Figure 7: Notch–RBP-J signaling regulates the expression of IRAK2 protein.
figure 7

(a) Immunoblot analysis of IRAK2 in wild-type and RBP-J-deficient BMDMs stimulated for 0–180 min (above lanes) with LPS; p38 serves as a loading control. (b) Quantitative PCR analysis of Il12a, Il12b and Nos2 mRNA in wild-type and RBP-J-deficient BMDMs transduced with control virus or retrovirus expressing IRAK2, then left unstimulated or stimulated for 6 h with LPS at 48 h after transduction; results are normalized to Gapdh mRNA and are presented relative to those of unstimulated wild-type cells, set as 1. (c) Quantitative PCR analysis of Irak2 mRNA in wild-type and RBP-J-deficient BMDMs stimulated for 0–60 min (horizontal axis) with LPS; results presented as in b. (d) SDS-PAGE of 35S-labeled IRAK2 immunoprecipitated from wild-type and RBP-J-deficient BMDMs after metabolic labeling for 30–240 min (above lanes); immunoblot analysis of p38 in whole-cell lysates (below) serves as a loading control. (e) Quantification of IRAK2 in whole-cell lysates of wild-type and RBP-J-deficient BMDMs stimulated for 30 min with LPS, followed by treatment for 0–150 min (horizontal axis) with cycloheximide (20 μg/ml). (f) Immunoblot analysis of IRAK2 in whole-cell lyastes of BMDMs obtained from NICD1M mice and their wild-type littermates and stimulated for 0–60 min (above lanes) with LPS. Data are representative of at least three independent experiments (mean and s.d. of triplicates in b,c).

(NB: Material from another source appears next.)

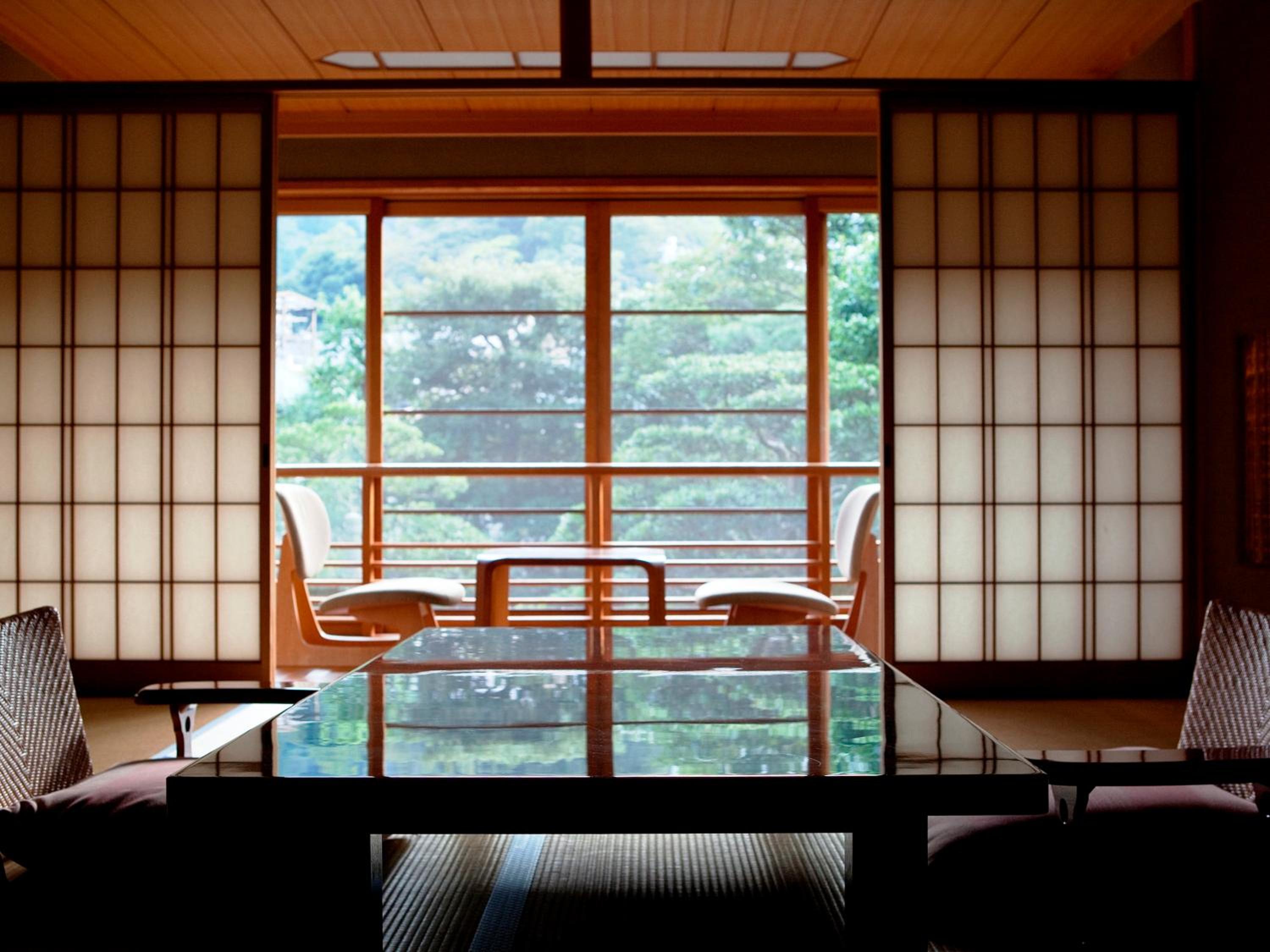 Japanese-Style Standard Room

Next we investigated the mechanisms by which RBP-J signaling regulated IRAK2 expression. Wild-type and RBP-J-deficient cells did have not substantially different amounts of Irak2 mRNA at baseline or after LPS stimulation (Fig. 7c), which indicated that RBP-J did not regulate Irak2 expression. We also determined if RBP-J deficiency resulted in less synthesis of and/or more degradation of IRAK2 protein. We assessed the former by metabolic labeling assays and found that RBP-J deficiency resulted in attenuated synthesis of IRAK2 protein, as shown by less incorporation of 35S-labeled methionine-cysteine at multiple labeling time points (Fig. 7d). In addition, in the presence of the protein-synthesis inhibitor cycloheximide, IRAK2 degraded at a faster rate in RBP-J-deficient macrophages than in wild-type cells under LPS-stimulated conditions (Fig. 7e). Therefore, both less synthesis and more degradation contributed to the lower abundance of IRAK2 in RBP-J-deficient cells. We also found higher expression of IRAK2 protein in NICD1M macrophages than in wild-type macrophages (Fig. 7f). That higher expression of IRAK2 protein was not due to higher expression of Irak2 mRNA (Supplementary Fig. 6d), which supported the idea that Notch–RBP-J signaling regulated IRAK2 expression post-transcriptionally.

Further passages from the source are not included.